Skip any pictures. Repeat the data exactly, from its first line through the line that holds "Grady Tate-1", both included.
○ ○ ○ ○ ○
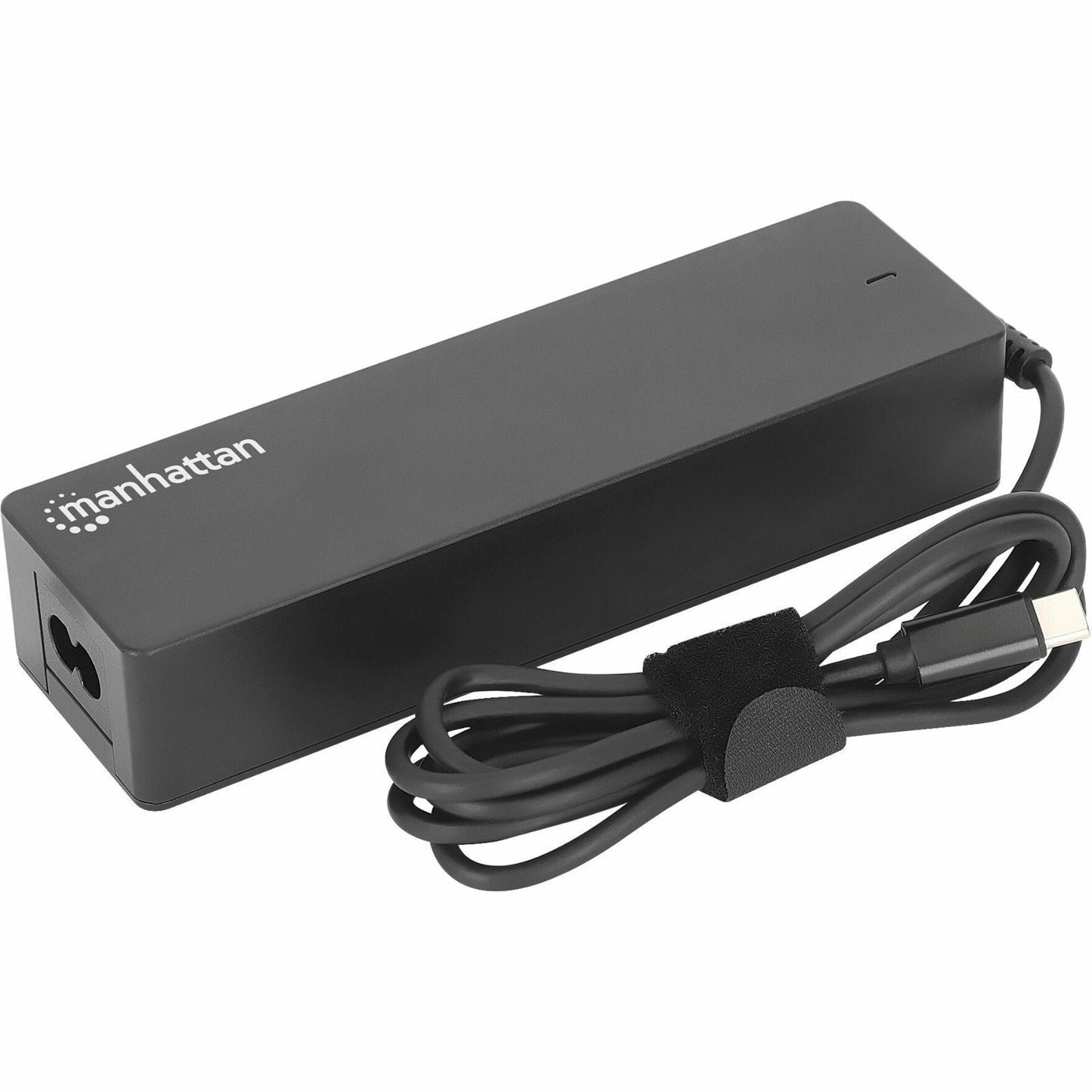 Manhattan USB-C Power Delivery Laptop Charger - 100 W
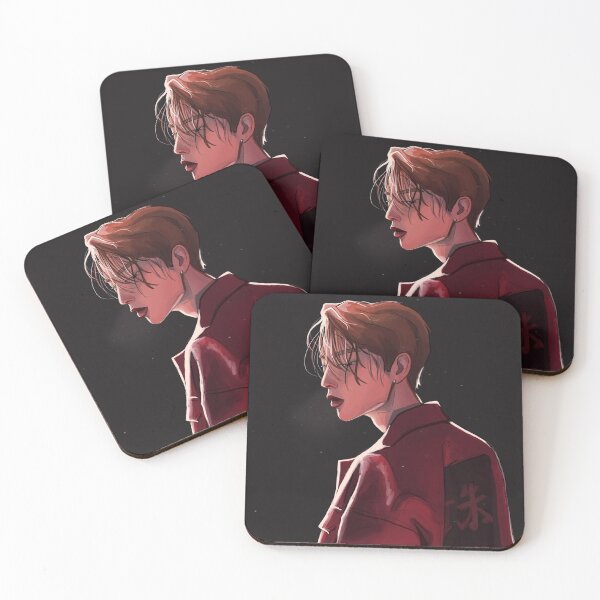 Item preview, Limitless Johnny designed and sold by daehwisday.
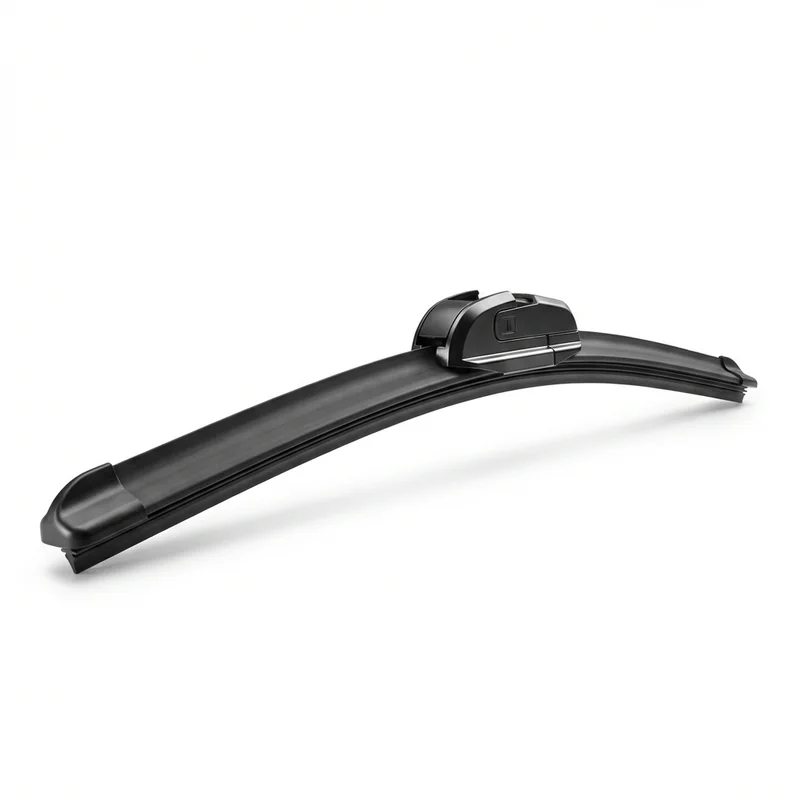 مساحة زجاج جانب السائق لسيارة Nissan NV350 Urvan (2014 - 2020) - 1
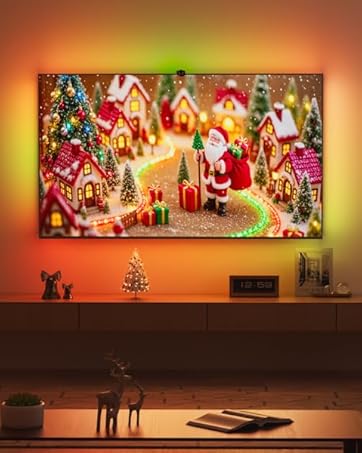 LED TV Backlight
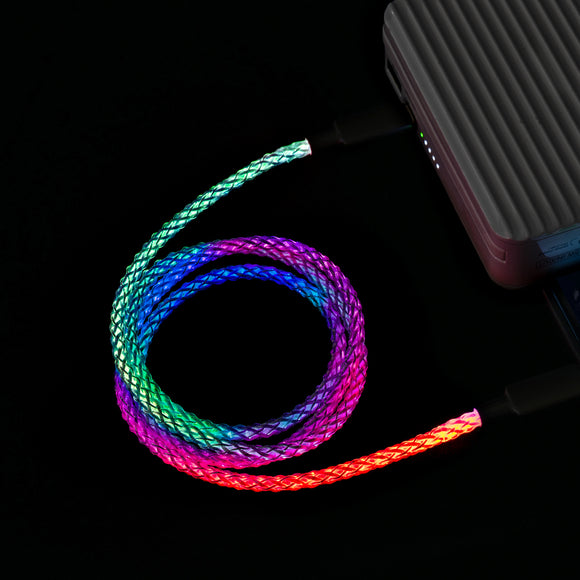 RGB Flow Cable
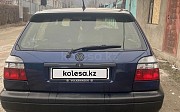 Volkswagen Golf, 1.8 автомат, 1997, хэтчбек Алматы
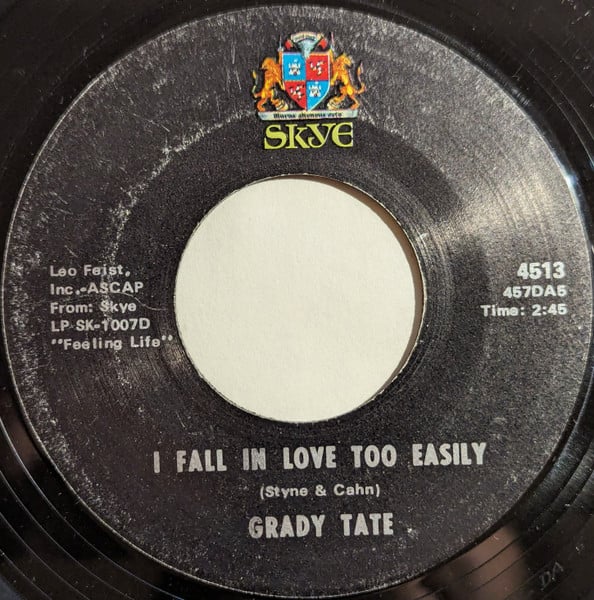 Grady Tate-1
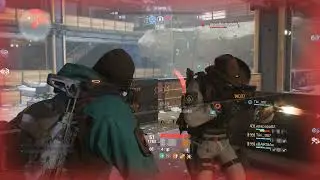 Tom Clancy's The Division  Last Stand PVP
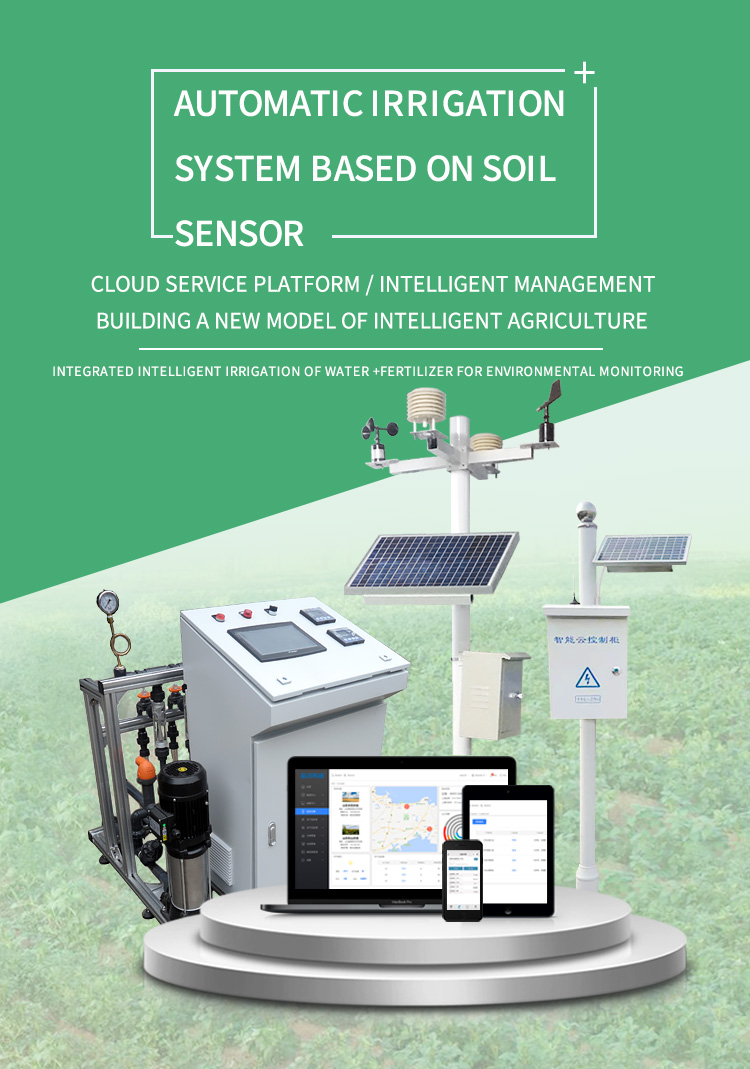Optimal Water Management: Leveraging Soil Sensors in Agricultural Practices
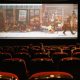 Sala de cinema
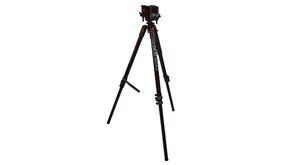 BOG Tripod BOG DeathGrip Aluminium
○ ○ ○ ○ ○
(ANSWER FOR THE TASK):
 Manhattan USB-C Power Delivery Laptop Charger - 100 W
 Item preview, Limitless Johnny designed and sold by daehwisday.
 مساحة زجاج جانب السائق لسيارة Nissan NV350 Urvan (2014 - 2020) - 1
 LED TV Backlight
 RGB Flow Cable
 Volkswagen Golf, 1.8 автомат, 1997, хэтчбек Алматы
 Grady Tate-1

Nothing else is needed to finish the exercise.